# Tablette Wacom non reconnue



## Rodobiscotto (9 Mai 2021)

Bonjour à toutes et tous,

J'ai fait l'acquisition d'une tablette Wacom Intuos 4 (PTK-840) que je souhaite installer sur mon MacbookAir qui comprend MacOS High Sierra (v. 10.13.6).

Cependant, après avoir téléchargé les derniers pilotes sur le site de wacom en choisissant la version compatible avec la tablette (https://www.wacom.com/fr-fr/support/product-support/drivers), celle-ci n'est pas reconnue par l'application "Wacom Desktop Center".
Le message "aucun appareil connecté" s'affiche. 

Après m'être renseigné sur les autres topics/forums, j'ai bien essayé d'autoriser dans "Préférences système" -> "Sécurité Confidentialité" les fichiers en .app mais ces derniers sont introuvables.

La tablette est pourtant bien reconnue comme périphérique par mon Mac. 

Je possède un MacBook Air de 2013 qui n'est pas très puissant, peut-être que c'est la raison toute bête de mes échecs. 
Cependant, j'aimerais m'assurer d'avoir tout essayé avant de jeter l'éponge. 

Est-ce que vous auriez des pistes de résolution de mon problème ? 

Merci d'avance ! 

Bonne soirée


----------



## pouppinou (10 Mai 2021)

As-tu l'icône "Tablette Wacom" d'affichée dans la fenêtre "Préférences Système" ? Là où tu gères ta tablette, stylet et les applications dédiées ?
En ce qui concerne les autorisations il faut allez dans *Préférences système > Sécurité et confidentialité > Accessibilité *(et tu n'as pas besoin normalement de chercher les applications car les driver doivent apparaitre d'eux même que tu dois éventuellement cocher en déverrouillant le cadenas (chez moi WacomTouchDriver, WacomTabletDriver et com.wacom.IOManager).
Attention éventuellement à ta connexion internet/coupe-feu pour certains.
Essaie éventuellement un autre port.
As-tu redémarré ton ordinateur après avoir installé le dernier pilote ?
Ton portable est-il branché sur le secteur ?


----------



## strangermax (10 Juillet 2022)

Bonjour,

Avez-vous résolu le problème?

Moi j'ai un macbook pro sous Mojave, j'avais installé le pilote en 2019 et jusqu'à ce que je désinstalle l'application et le pilote pour faire du ménage (car pas mon macbook est un peu vieux)...surprise, impossible de faire fonctionner de nouveau ma tablette, malgré toutes mes tentatives d'essai avec différentes anciennes version du pilote. J'ai essayé de redémarrer, débrancher, rien n'y fait.
J'ai dû rajouter les drivers manuellement en plus de cela dans *Préférences système > Sécurité et confidentialité > Accessibilité.*

Bref je désesprère et je suis un peu à bout!
Et le service wacom n'a pas de solutions à part leur page de manipulation qui ne sert à rien! HELP....

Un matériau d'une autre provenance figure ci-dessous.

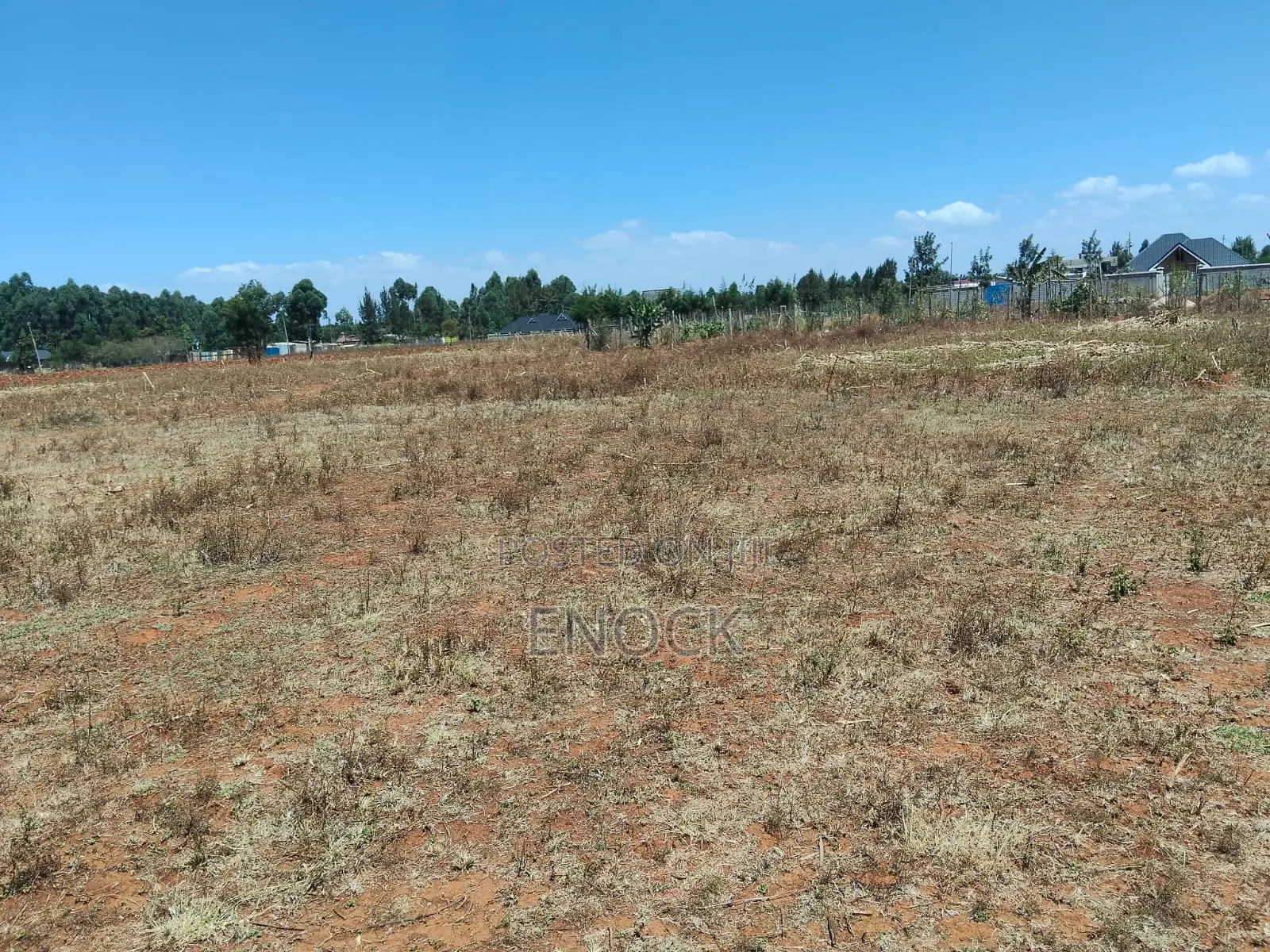 1⁄4acre Plot for Sale in Kiplombe Kibulgeny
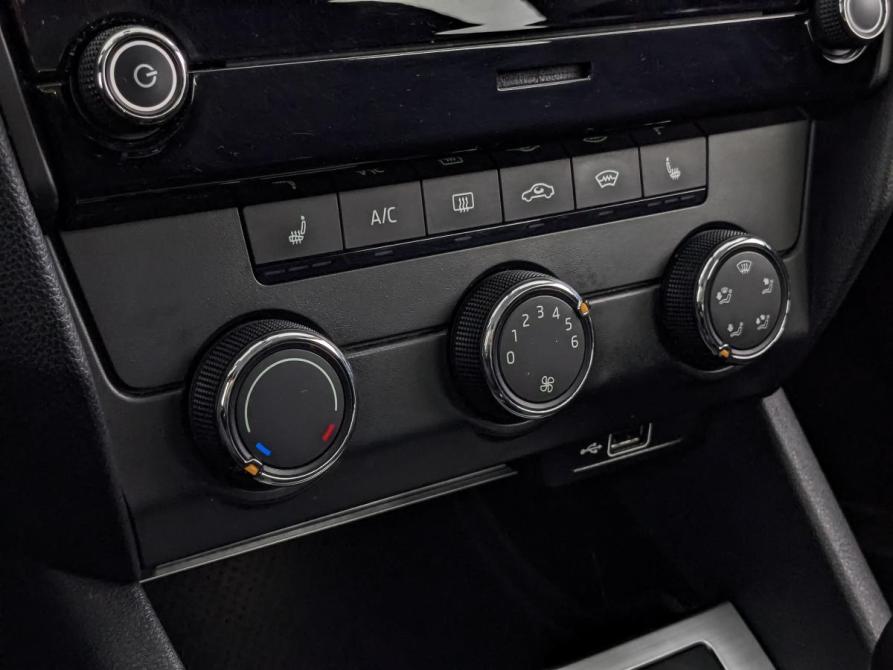Skoda Octavia III (A7) Рестайлинг Москва  - изображение 21
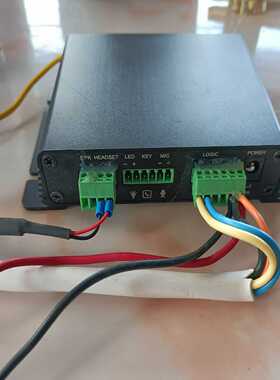 SIP寻呼网关，12V1A  MAC:00D84A01372【鑫鑫商铺】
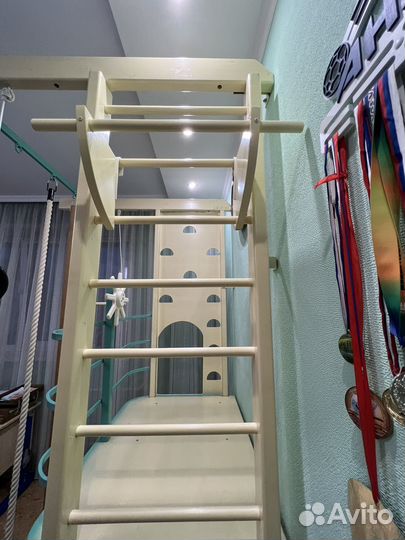 Шведская стенка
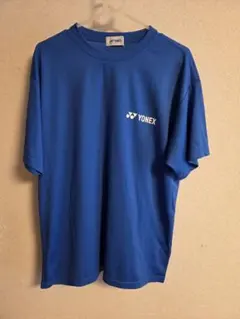 こ*]様 YONEX 青 Tシャツ ポリエステル100%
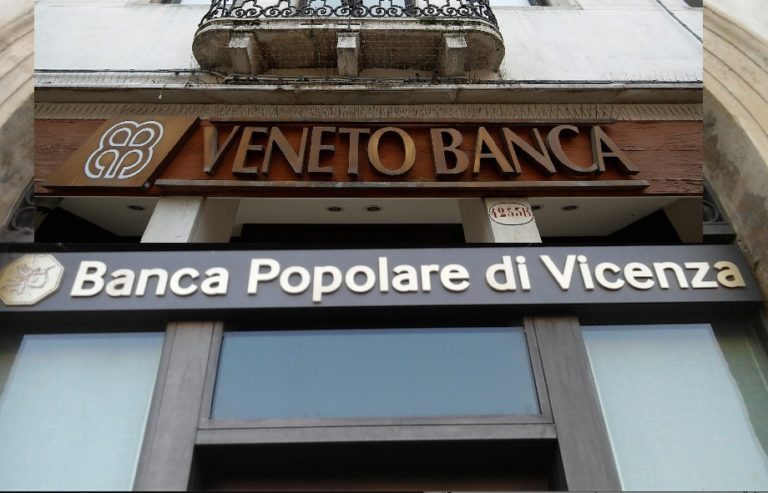banca pop vicenza e veneto banca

Je précise que ma tablette est l'intuos S filaire donc.

Si ça peut aider


----------



## Locke (11 Juillet 2022)

strangermax a dit:


> Je précise que ma tablette est l'intuos S filaire donc.


Ce modèle-là... https://www.wacom.com/fr-fr/products/wacom-intuos ... ?

Tu devrais faire le ménage en installant *EasyFind* puis en cherchant toutes les occurrences intuos et wacom en ayant ces réglages...





Officiellement chez Wacom, pour les pilotes c'est ici... https://support.wacom.com/hc/fr/categories/1500000195821-Pilotes-et-logiciels ...attention d'installer ce qui correspond à ta version de macOS en cours. De plus, de mémoire, il doit y avoir après installation une option supplémentaire dans Préférences Système qui doit détecter ta tablette et te permettre de faire tes réglages.


----------